Premier League clubs look set to be allowed to make five substitutions from the start of next season, according to reports.
A discussion on the subject is due to take place at a shareholders meeting between the top flight teams on Thursday.
Previously, several Premier League clubs have been against the move to increase the number of substitutions during matches from three to five, but a change now appears likely to occur.
It was the coronavirus pandemic which saw the subject first debated with a temporary amendment to rules when football resumed in the summer of 2020 following its mid-season suspension.
An increase to five substitutions happened in May of that year in response to the congested fixture list and was extended last summer by the International Football Association Board's advisory panel for a further 18 months before a permanent decision was made in October to keep five changes in place.
The Premier League, despite clubs across Europe following IFAB’s proposal, decided against using the recommendations for the 2020-21 campaign and instead reverted back to three substitutions, which remains the case for the current season after clubs voted on the issue.

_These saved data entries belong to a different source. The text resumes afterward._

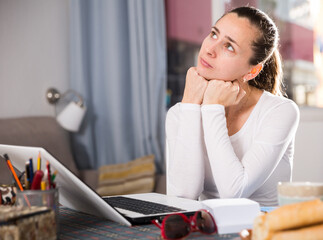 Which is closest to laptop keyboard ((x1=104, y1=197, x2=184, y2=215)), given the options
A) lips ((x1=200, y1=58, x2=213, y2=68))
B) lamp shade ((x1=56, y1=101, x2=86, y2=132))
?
lips ((x1=200, y1=58, x2=213, y2=68))

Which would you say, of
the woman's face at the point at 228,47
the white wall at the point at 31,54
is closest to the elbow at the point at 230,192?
the woman's face at the point at 228,47

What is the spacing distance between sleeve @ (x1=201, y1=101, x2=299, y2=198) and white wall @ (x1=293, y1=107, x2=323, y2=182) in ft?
2.72

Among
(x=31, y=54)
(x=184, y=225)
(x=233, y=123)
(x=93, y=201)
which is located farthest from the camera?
(x=31, y=54)

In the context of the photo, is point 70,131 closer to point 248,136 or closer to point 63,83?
point 63,83

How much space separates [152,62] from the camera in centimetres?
340

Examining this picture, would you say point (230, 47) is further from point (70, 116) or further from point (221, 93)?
point (70, 116)

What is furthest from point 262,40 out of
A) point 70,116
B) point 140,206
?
point 70,116

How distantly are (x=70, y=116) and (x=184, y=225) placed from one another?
237 centimetres

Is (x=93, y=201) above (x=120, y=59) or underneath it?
underneath

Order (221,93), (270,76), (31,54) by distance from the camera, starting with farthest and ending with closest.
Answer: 1. (31,54)
2. (270,76)
3. (221,93)

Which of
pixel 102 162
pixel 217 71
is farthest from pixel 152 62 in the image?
pixel 217 71

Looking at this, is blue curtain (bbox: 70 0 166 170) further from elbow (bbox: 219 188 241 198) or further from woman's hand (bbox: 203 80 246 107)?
elbow (bbox: 219 188 241 198)

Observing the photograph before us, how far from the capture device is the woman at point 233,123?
1.50 meters

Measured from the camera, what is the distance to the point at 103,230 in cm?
103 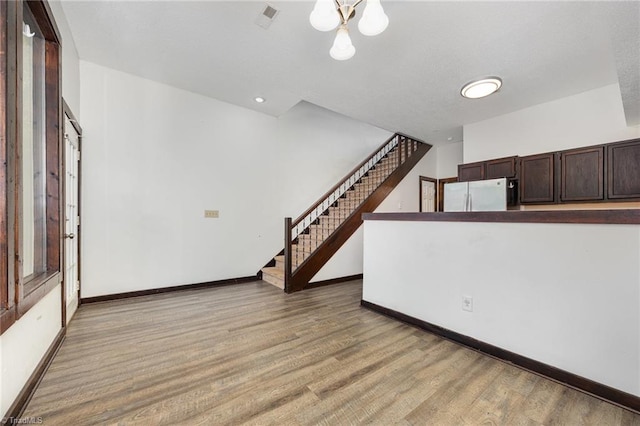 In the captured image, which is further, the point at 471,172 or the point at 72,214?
the point at 471,172

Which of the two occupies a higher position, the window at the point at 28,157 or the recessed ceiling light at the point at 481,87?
the recessed ceiling light at the point at 481,87

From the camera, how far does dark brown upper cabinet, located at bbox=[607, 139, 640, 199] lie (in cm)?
312

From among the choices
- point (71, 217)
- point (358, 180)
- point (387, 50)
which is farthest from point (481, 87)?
point (71, 217)

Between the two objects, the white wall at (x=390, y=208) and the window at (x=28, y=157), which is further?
the white wall at (x=390, y=208)

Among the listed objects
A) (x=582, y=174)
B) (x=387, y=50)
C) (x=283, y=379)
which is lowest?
(x=283, y=379)

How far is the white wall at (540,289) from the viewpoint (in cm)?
167

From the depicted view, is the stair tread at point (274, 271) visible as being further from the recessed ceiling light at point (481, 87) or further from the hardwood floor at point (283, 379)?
the recessed ceiling light at point (481, 87)

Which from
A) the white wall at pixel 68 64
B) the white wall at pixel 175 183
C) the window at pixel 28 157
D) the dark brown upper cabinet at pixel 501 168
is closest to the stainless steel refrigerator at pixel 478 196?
the dark brown upper cabinet at pixel 501 168

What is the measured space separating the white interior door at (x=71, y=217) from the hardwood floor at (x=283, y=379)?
0.31 m

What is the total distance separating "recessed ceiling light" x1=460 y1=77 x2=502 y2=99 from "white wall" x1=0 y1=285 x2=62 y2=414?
15.8 ft

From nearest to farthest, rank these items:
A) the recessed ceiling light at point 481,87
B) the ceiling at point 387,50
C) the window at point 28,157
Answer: the window at point 28,157, the ceiling at point 387,50, the recessed ceiling light at point 481,87

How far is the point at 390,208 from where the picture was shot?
5.69 meters

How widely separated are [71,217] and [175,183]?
130 centimetres

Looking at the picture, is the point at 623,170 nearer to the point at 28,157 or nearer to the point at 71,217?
the point at 28,157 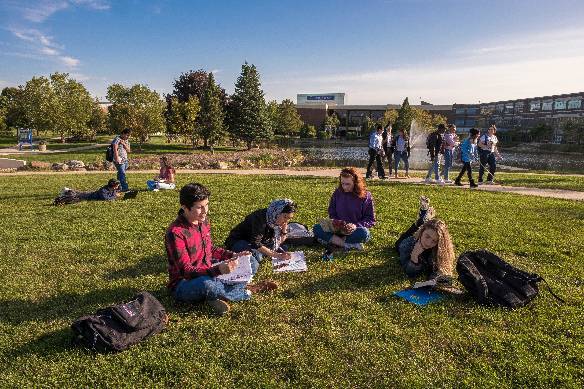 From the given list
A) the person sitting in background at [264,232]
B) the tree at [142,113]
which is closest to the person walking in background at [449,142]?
the person sitting in background at [264,232]

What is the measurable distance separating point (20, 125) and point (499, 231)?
6723 cm

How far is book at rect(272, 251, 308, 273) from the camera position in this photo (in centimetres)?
596

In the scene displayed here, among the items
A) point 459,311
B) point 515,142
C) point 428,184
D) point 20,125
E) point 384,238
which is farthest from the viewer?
point 515,142

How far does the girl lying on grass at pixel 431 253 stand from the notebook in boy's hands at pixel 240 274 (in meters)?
2.23

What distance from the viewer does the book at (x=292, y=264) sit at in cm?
596

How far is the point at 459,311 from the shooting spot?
476 cm

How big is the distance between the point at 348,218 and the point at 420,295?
86.8 inches

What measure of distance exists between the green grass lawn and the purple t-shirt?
0.52 meters

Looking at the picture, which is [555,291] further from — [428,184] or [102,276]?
[428,184]

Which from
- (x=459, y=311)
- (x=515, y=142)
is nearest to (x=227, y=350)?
(x=459, y=311)

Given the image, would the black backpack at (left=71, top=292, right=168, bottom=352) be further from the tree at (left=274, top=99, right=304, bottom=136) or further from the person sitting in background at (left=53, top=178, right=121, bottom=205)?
the tree at (left=274, top=99, right=304, bottom=136)

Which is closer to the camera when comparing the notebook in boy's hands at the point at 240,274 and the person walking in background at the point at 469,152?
the notebook in boy's hands at the point at 240,274

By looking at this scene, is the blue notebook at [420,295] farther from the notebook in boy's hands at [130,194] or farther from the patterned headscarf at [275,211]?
the notebook in boy's hands at [130,194]

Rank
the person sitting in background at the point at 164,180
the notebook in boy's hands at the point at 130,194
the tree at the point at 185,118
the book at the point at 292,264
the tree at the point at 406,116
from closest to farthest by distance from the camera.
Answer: the book at the point at 292,264 → the notebook in boy's hands at the point at 130,194 → the person sitting in background at the point at 164,180 → the tree at the point at 185,118 → the tree at the point at 406,116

Two of the biggest critics of the league’s decision not to use the two extra substitutions have been Liverpool boss Jurgen Klopp and Manchester City manager Pep Guardiola.

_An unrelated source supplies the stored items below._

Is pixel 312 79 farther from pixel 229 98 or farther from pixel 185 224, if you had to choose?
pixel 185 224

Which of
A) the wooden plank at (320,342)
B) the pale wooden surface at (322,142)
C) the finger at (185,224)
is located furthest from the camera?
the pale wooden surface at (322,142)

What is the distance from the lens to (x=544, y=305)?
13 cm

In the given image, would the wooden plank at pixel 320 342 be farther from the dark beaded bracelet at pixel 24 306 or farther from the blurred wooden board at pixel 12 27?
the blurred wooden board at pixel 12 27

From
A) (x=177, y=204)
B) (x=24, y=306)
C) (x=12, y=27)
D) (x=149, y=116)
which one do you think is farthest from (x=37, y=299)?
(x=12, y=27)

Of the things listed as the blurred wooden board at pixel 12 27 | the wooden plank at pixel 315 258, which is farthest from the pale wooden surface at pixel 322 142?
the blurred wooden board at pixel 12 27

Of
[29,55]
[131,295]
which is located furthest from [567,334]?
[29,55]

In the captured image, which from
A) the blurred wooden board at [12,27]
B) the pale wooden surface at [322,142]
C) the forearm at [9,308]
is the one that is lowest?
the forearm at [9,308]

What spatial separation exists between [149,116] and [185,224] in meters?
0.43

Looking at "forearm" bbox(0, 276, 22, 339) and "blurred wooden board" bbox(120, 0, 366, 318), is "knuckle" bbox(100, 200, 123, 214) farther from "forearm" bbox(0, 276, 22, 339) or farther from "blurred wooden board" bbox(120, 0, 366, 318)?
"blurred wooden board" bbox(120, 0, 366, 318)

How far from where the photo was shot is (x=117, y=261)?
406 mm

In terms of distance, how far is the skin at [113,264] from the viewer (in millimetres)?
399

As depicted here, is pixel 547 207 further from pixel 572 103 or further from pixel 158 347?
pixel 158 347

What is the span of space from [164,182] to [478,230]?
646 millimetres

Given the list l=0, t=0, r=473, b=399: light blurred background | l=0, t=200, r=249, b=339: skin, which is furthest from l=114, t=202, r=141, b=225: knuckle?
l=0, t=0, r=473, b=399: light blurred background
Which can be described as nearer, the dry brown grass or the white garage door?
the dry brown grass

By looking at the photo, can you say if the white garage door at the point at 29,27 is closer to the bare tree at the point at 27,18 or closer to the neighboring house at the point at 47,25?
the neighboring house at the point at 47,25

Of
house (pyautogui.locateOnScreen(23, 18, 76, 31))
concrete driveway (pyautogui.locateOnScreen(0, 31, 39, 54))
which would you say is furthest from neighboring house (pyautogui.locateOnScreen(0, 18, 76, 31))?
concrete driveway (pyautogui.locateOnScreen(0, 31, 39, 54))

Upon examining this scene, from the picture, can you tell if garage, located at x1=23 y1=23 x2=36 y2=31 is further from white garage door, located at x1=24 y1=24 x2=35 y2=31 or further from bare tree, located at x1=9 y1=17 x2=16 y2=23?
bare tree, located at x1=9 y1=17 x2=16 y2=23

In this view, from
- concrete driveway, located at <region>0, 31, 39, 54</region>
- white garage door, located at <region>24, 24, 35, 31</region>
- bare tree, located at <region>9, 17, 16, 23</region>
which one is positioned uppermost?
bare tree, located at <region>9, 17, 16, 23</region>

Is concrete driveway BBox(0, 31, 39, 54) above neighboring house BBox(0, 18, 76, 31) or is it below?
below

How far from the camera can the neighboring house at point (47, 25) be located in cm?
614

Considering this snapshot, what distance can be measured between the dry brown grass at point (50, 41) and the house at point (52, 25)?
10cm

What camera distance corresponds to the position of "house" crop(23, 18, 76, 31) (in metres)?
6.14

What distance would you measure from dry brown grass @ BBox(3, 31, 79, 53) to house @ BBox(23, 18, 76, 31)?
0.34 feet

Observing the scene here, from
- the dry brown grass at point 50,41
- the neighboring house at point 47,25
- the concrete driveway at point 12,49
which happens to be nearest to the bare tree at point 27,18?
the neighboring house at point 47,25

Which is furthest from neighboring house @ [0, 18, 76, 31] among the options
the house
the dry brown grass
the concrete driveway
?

It has also regularly been pointed out that an increased number of changes is allowed in European competitions and England’s domestic cups tournaments, but previously the majority of top-flight sides in the lower echelons of the table were against the move due to concerns it favoured teams with bigger squads.
However, Premier League clubs are expected to allow five substitutions to be implemented from next season during the annual general meeting which will take place at the end of this campaign.